Felice da scoppiare: la maternità

A cura della dottoressa Silvia Senestro

Fra le situazioni di vita che tipicamente vengono idealizzate, la prima fra tutte è la maternità.

Idealizzare un evento significa immaginarlo come perfetto, meraviglioso, privo di aspetti negativi o problematici e aggrapparsi a quell’idea con ostinazione, difendendola anche a costo di negare evidenze eclatanti.

Il modo comune di idealizzare si è gradualmente modificato e sembra andare al passo con i cambiamenti sociali; in realtà esso procede un po’ meno speditamente, arrancando rispetto al cambiamento del mondo. La società, insomma, cambia a 100 km l’ora mentre il sentire comune sembra procedere a 70.

Vent’anni fa, quando iniziavo a svolgere la mia professione, le neo mamme venivano investite da un bozzolo rosa di zucchero filato, denso e appiccicoso, saturo di preconcetti e aspettative. Dovevano essere radiose. E basta. Stanchezza, smarrimento, paura, rabbia e incertezze venivano repressi a forza e celati al mondo perché secondo il sentire comune le neo mamme potevano stare in una sola maniera: benissimo.

I tempi sono cambiati ma solo un po’. Oggi più o meno tutti sono consapevoli che la maternità non regali solo bottiglioni di gioia e che costituisca un passaggio delicato e multisfaccettato dell’esperienza umana; tuttavia si fa ancora molta fatica a comprendere lo spessore e la complessità di questa fase della vita.

Sono numerosi gli studi pubblicati sulla psicologia della donna nel corso della gravidanza e nel post partum, ma ciò che incide sulla vita delle persone sono le idee che circolano e persistono negli ospedali, nelle scuole, nelle case. Rimangono troppo spesso incompresi la paura, lo smarrimento, il disagio, la perdita di equilibrio che si possono sperimentare in certi momenti.

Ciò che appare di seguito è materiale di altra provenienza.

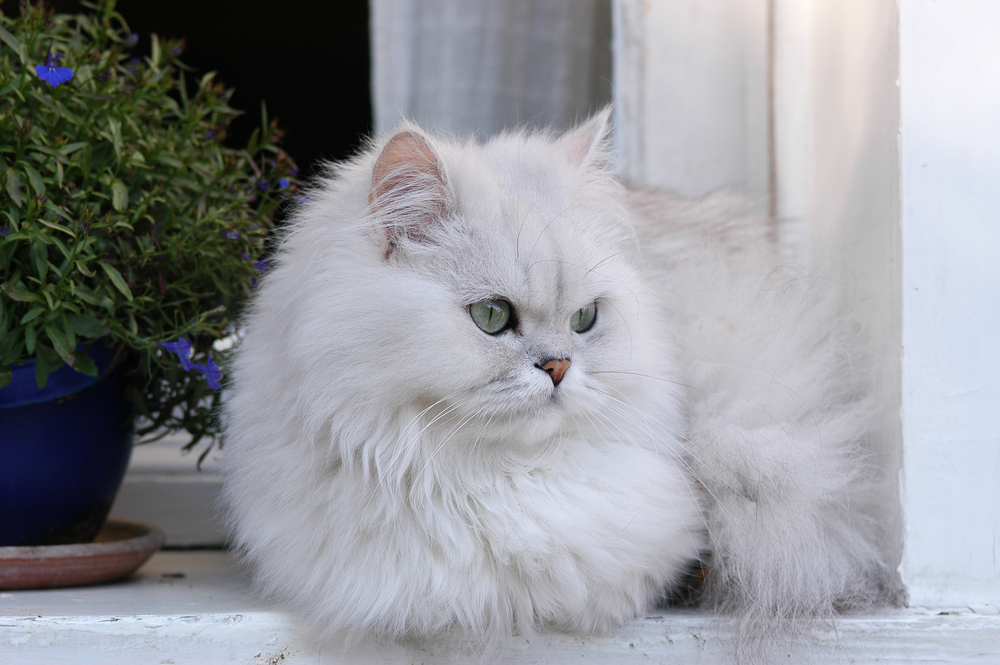 Silver chinchilla Persian cat sitting at a window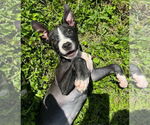 Small American Pit Bull Terrier-American Staffordshire Terrier Mix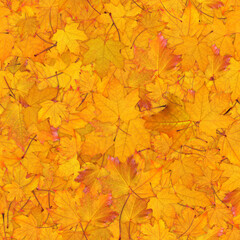 Autumn seamless background with vibrant yellow maple leaves. Seasonal texture of fallen foliage creating a natural carpet. Perfect for fall, nature, and seasonal design concepts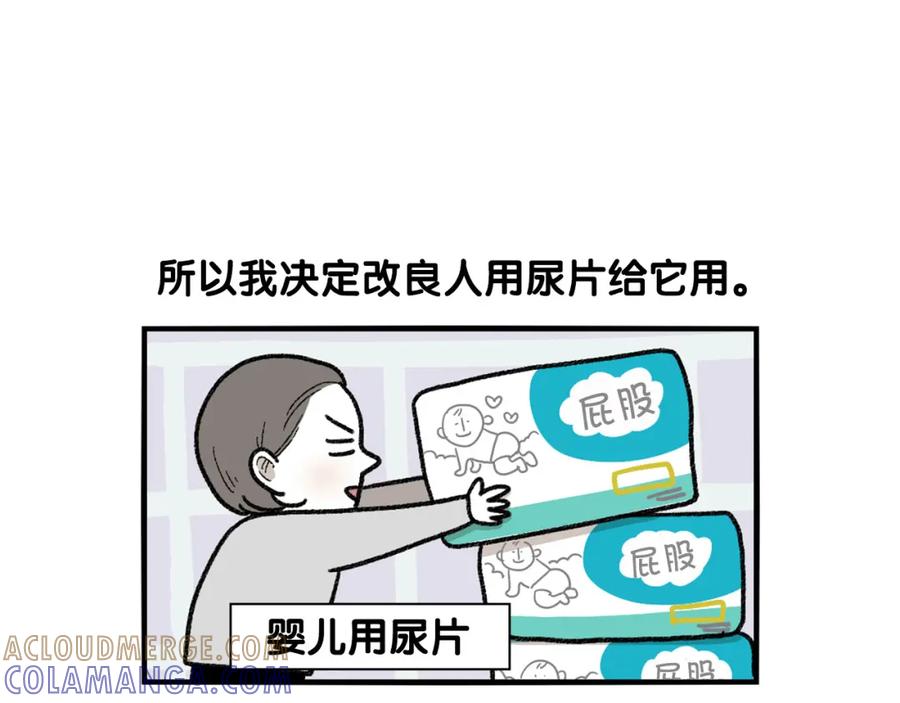 《我的狗子叫棉花》第43话 狗狗的例假 第34页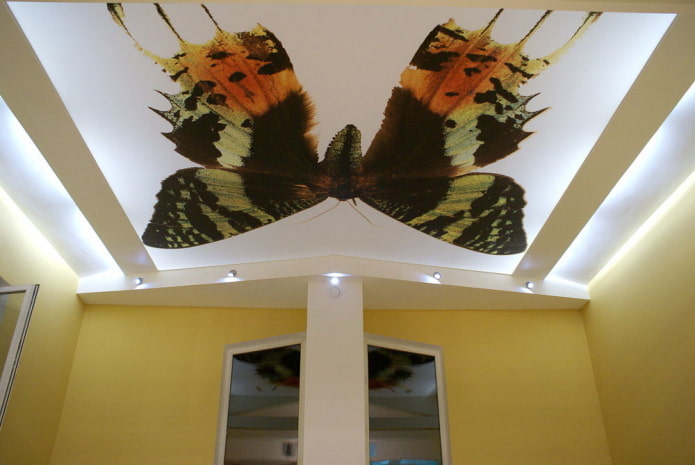 потолок бабочки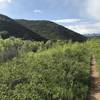 Scenic views on the Mormon Pioneer Trail.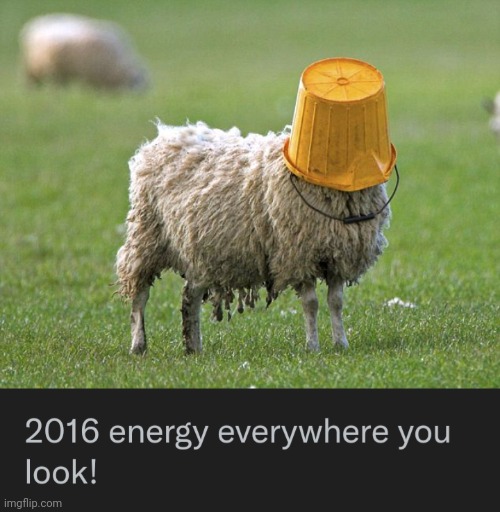 2016 Energy! | image tagged in stupid sheep,mtg,martin shkreli,corruption,regression | made w/ Imgflip meme maker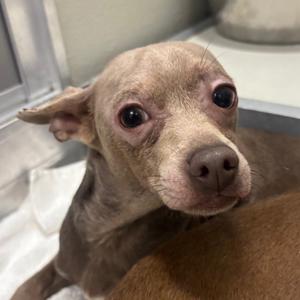 Flap Jack, Chihuahua, Short Coat, adult, available for adoption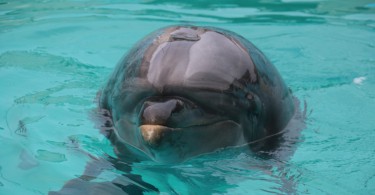 Weltwunderer Japan Muroto Delfin
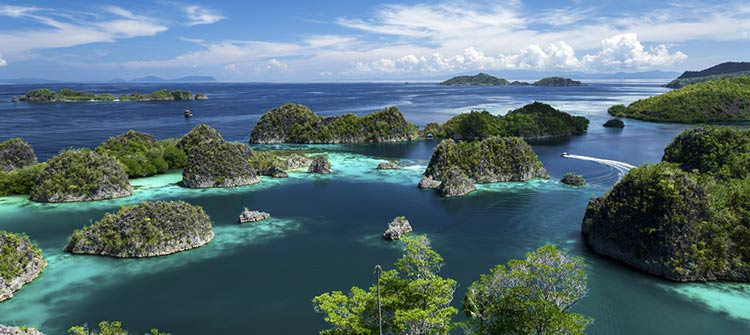 جزیره کومودو، اندونزی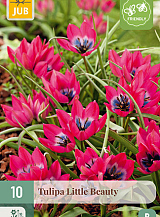 X 10 TULIPA LITTLE BEAUTY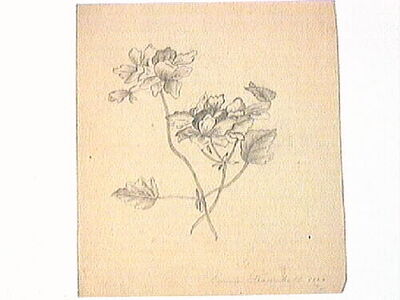 europeana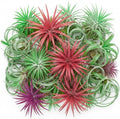 Set of 15 Assorted Air Plants Live, Low Light Tillandsia Indoor Houseplant, Small Medium Size, Easy Care Indoor Plants for Home and Office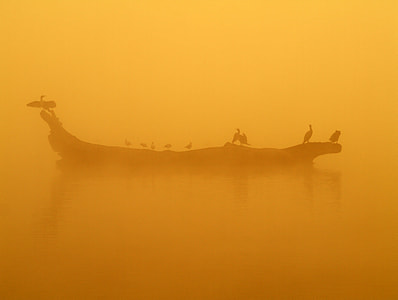 Birds on a log on a lake in the mist thumbnail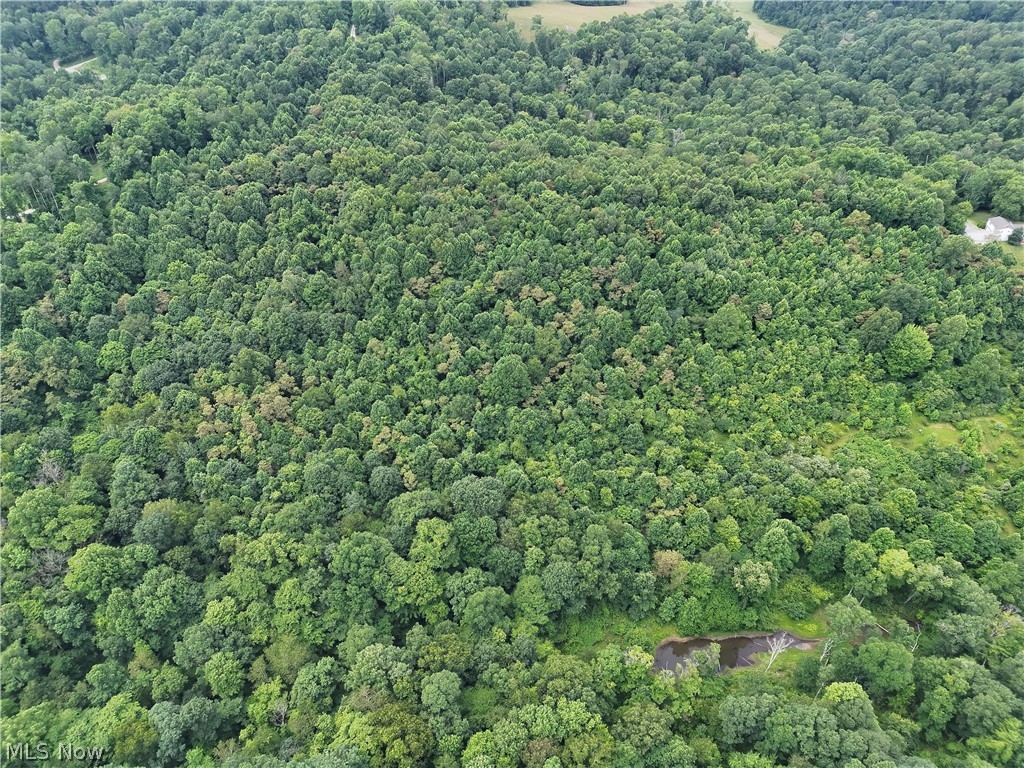 260 Ocelot Road NE Salineville OH 43945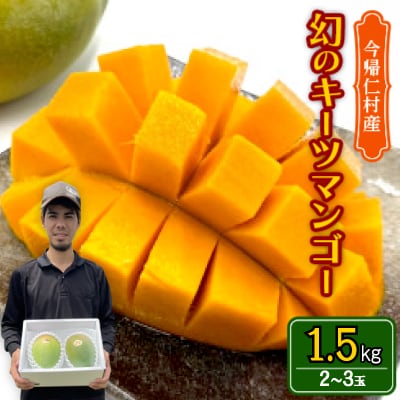 【先行受付・2026年8月から順次発送】仲本マンゴー園の幻のキーツマンゴー1.5kg【配送不可地域：離島】【1418219】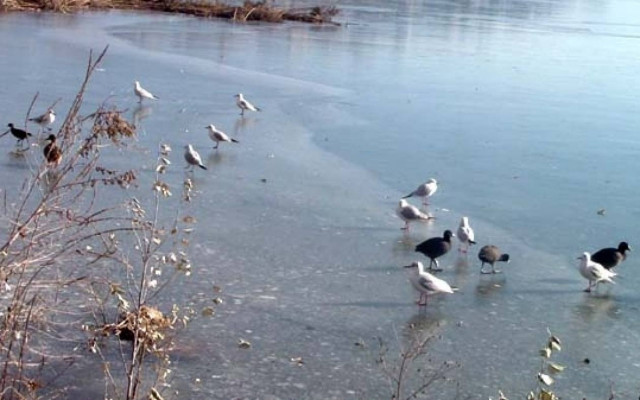 Πατινάζ στη λίμνη της Καστοριάς (Pics&Vid)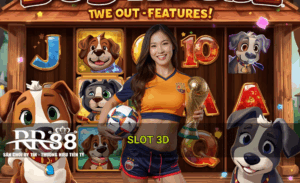 Slot 3D Rr88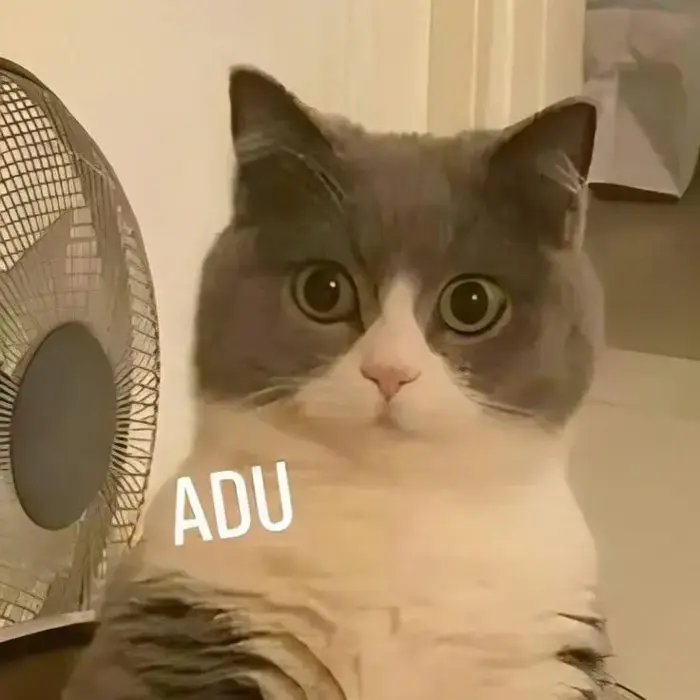 Story » 60+ Meme Mèo Bất Ngờ, Ngạc Nhiên từ ánh mắt trợn tròn tới dáng ngồi đơ cứng Story » 60+ Meme Mèo Bất Ngờ, Ngạc Nhiên từ ánh mắt trợn tròn tới dáng ngồi đơ cứng
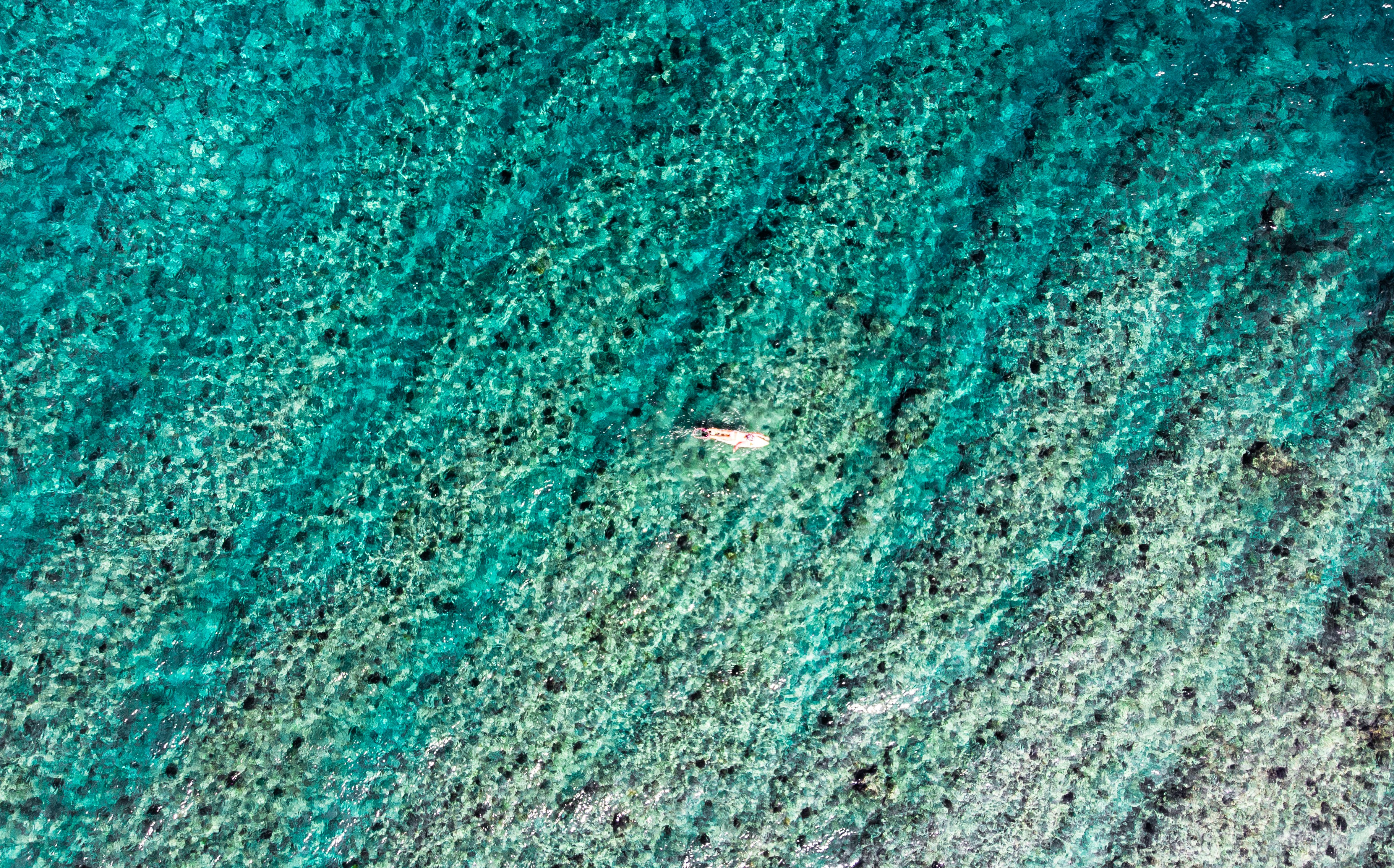 What Happens When You Combine Yoga With Modern Physical Therapy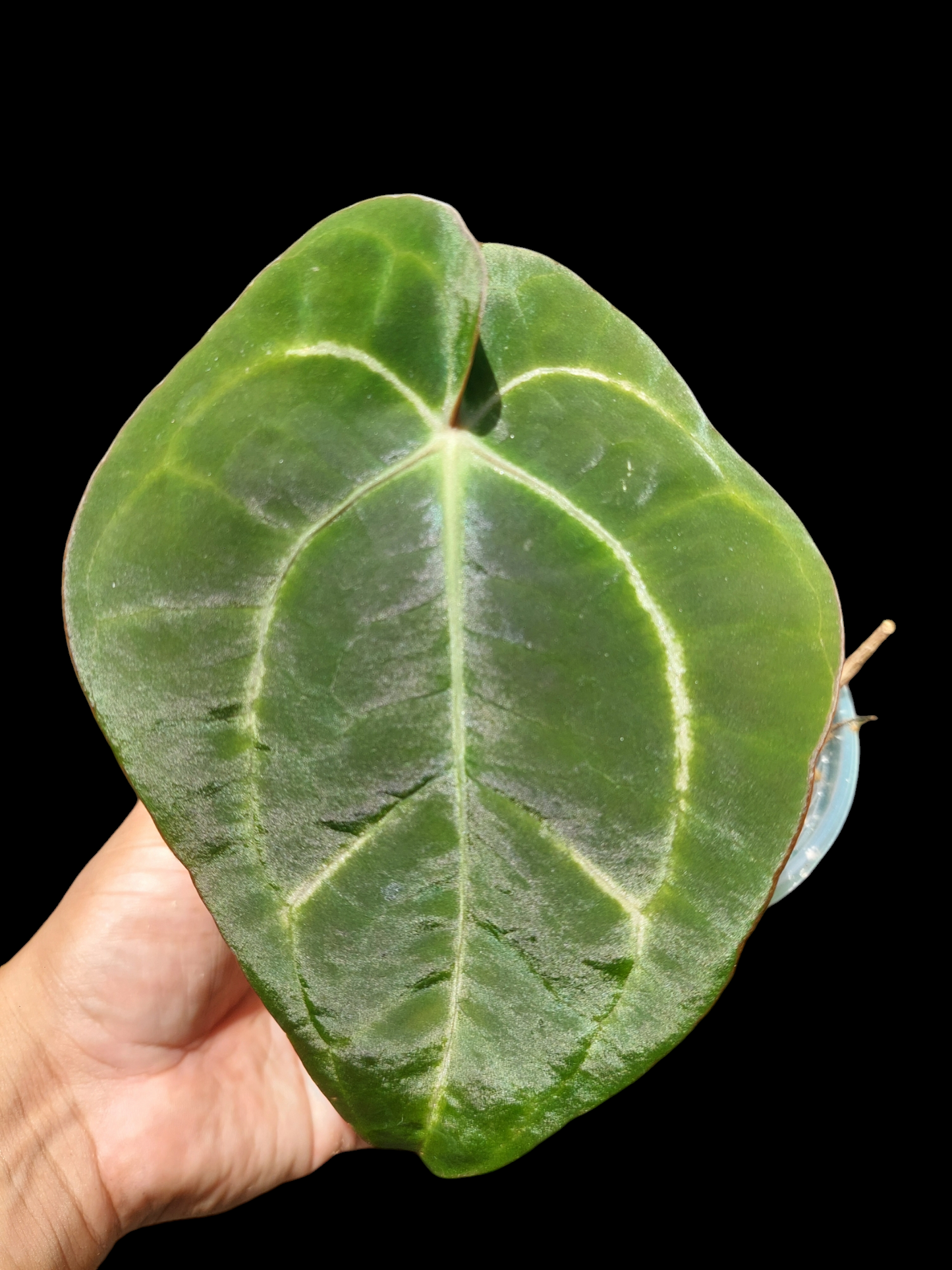 Anthurium Carlablackiae Wild Ecotype (EXACT PLANT)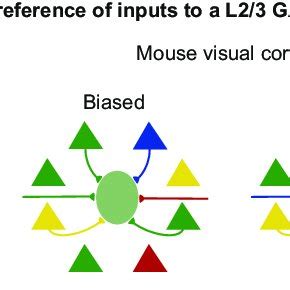 Model of GABAergic Tuning as a Reflection of Local Population Average ...
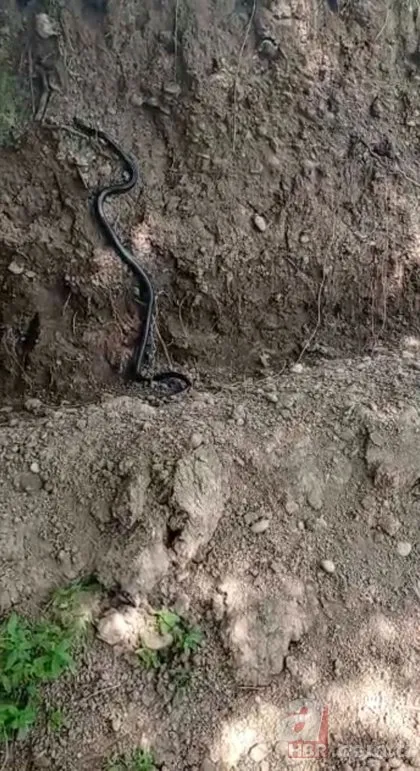 Diyarbakır’da dev yılan paniği! Görenler şoke oldu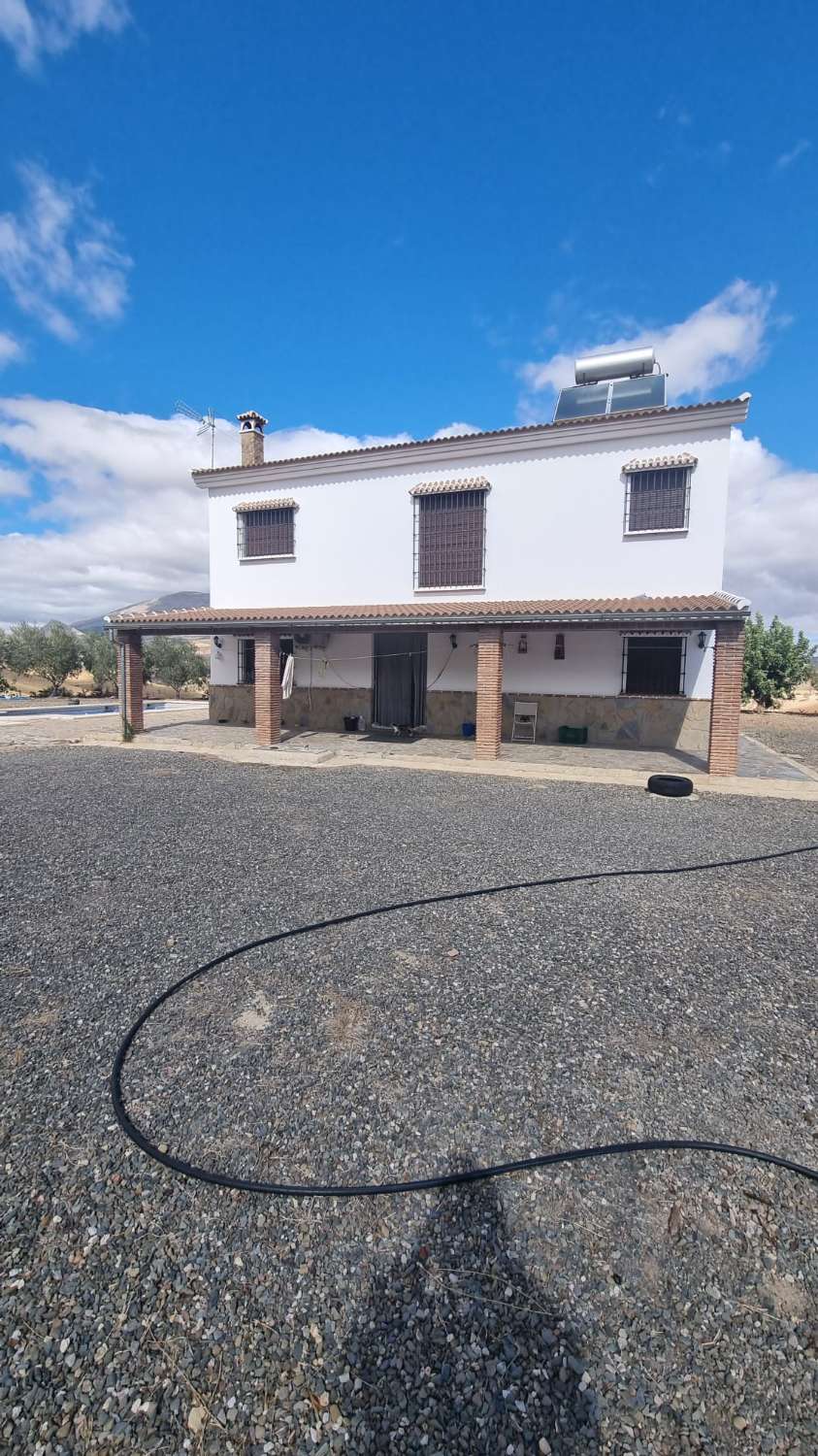 Magnifica finca con casa , piscina sembrada de olivos ecológicos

Una ragazza, mamma da poche settimane, una volta mi disse: “guardavo il mio piccolo e pensavo: cosa vuole da me questo qui?”; un’altra, a proposito dell’allattamento che non riusciva a vivere in modo naturale e rilassato, mi confidò: “allattando, non riuscivo a capire dove finissi io e dove incominciasse lui”. Credetemi, questi due esempi non sono riferiti a ragazze mentalmente disturbate, ma normalissime.

La gravidanza e la maternità comportano profonde mutazioni fisiche, psicologiche, ormonali e sociali. Che ci piaccia o no, esse comportano anche risvolti dolorosi, inquietanti, “brutti” secondo il sentire comune: quel “nero”, quell’ “oscuro” che ci verrebbe da negare e da reprimere perché spaventoso o destabilizzante.

Se vostra figlia o la vostra dolce metà vi confidano di sognare di scaraventare il prezioso fagotto fuori dalla finestra, respirate a fondo e cercate di capirla: non è pazza, non è diventata improvvisamente cattiva e non va giudicata. Sostenetela, non colpevolizzatela, cercate di contenere la sua difficoltà e pensate che l’unica cosa da evitare è che passi all’atto. Tutto il resto ci può stare, si può pensare e dire. Anzi, si deve dire.

Vedrete la vostra compagna sotto una luce diversa, meno rosa e rassicurante, ma di certo più vera nella sua complessità.